Solution: You can divide these statements: an
a) purely mathematical component (without reference to physical theories, but rather on non-mathematical entities, E.g. quantities with basic elements, otherwise the condition would be too strong). Important argument: this component can then be regarded as "necessarily true".
b) purely non-mathematical component (without reference to mathematics).
I 235
2) FieldVsLewis: even with regard to purely mathematical facts, Lewis’ answer is too simple. Necessary Facts/Mathematics: to what extent should they be necessary in the realm of mathematics? They are not logically necessary! And they cannot be reduced to logical truths by definition.
Of course they are mathematically necessary in the sense that they follow from the laws of mathematics.
E.g. Similarly, the existence of electrons is physically necessary, because it follows from the laws of physics.
FieldVsLewis: but in this physical case, Lewis would not speak of a pseudo-problem! But why should the fact that numbers exist mathematically necessary be a pseudo-problem?.
Mathematical Necessity/Field: false solution: you could try to object that mathematical necessity is absolute necessity, while physical necessity is only a limited necessity.
Metaphysical Necessity/Field: or you could say that mathematical statements.
I 236
Are metaphysically necessary, but physical statements are not. FieldVs: It is impossible to give content to that.
I 237
3) FieldVsLewis: he assumes a controversial relation between Counterfactual Conditional and necessity.
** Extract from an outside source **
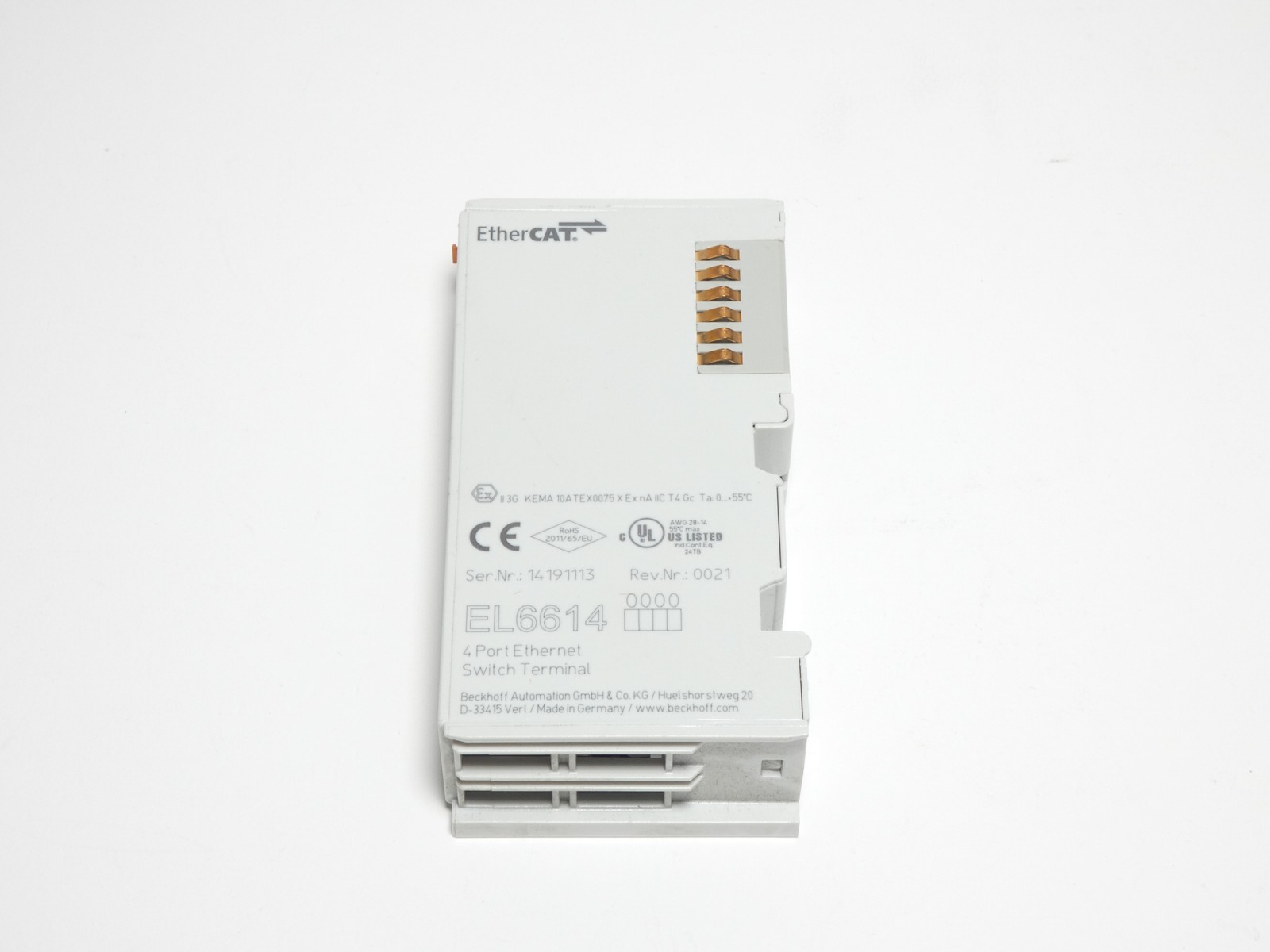 Beckhoff EL6614 EtherCAT 4-Port Ethernet Switch Terminal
It is certainly true that nothing meaningful can be said about E.g. what would be different if the number 17 did not exist. And that is so precisely because the antecedent gives us no indication of what alternative mathematics should be considered to be true in this case.
I 238
4) FieldVsLewis: there is no reason to formulate the problem of the explanation of the reliability of our mathematical belief in modal or counterfactual expressions.
II 197
Theoretical Terms/TT/Introduction/Field: TT are normally not introduced individually, but in a whole package. But that is no problem as long as the correlative indeterminacy is taken into account. One can say that the TT are introduced together as one "atom". E.g. "belief" and "desire" are introduced together.
Assuming both are realized multiply in an organism:
Belief: because of the relations B1 and B2 (between the organism and internal representations).
Desired: because of D1 and D2.
Now, while the pairs (B1, D1) and (B2, D2) have to realize the (term-introductory) theory.
II 198
The pairs (B1, D2) and (B2, D1) do not have to do that. ((s) exchange of belief and desire: the subject believes that something else will fulfill its desire). FieldVsLewis: for this reason we cannot accept its solution.
Partial Denotation/Solution/Field: we take the TT together as the "atom" which denotes partially as a whole.